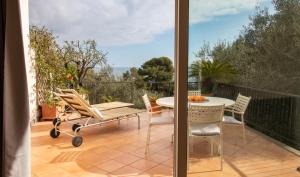 a patio with a table and chairs on a balcony at Casa Pineta in Diano Marina
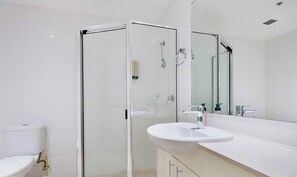 Shower, hair dryer, towels, shampoo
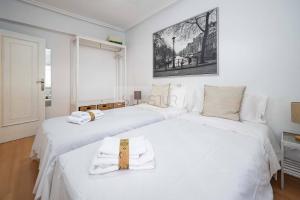 two beds in a room with white sheets at Clave Norte By Silastur in Gijón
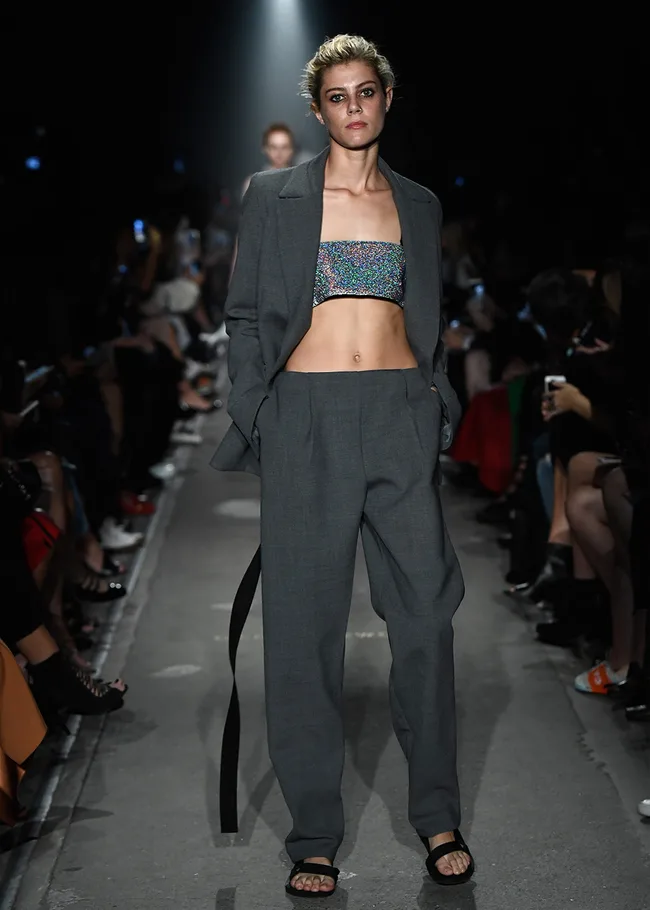 Model in gray suit with a colorful crop top walks on a dimly lit runway.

_ _ _ _ _ _ _

**Task item:**
Output the listing word for word. Drop the pictures.

**Written solution:**
 a patio with a table and chairs on a balcony at Casa Pineta in Diano Marina
 Shower, hair dryer, towels, shampoo
 two beds in a room with white sheets at Clave Norte By Silastur in Gijón
 Model in gray suit with a colorful crop top walks on a dimly lit runway.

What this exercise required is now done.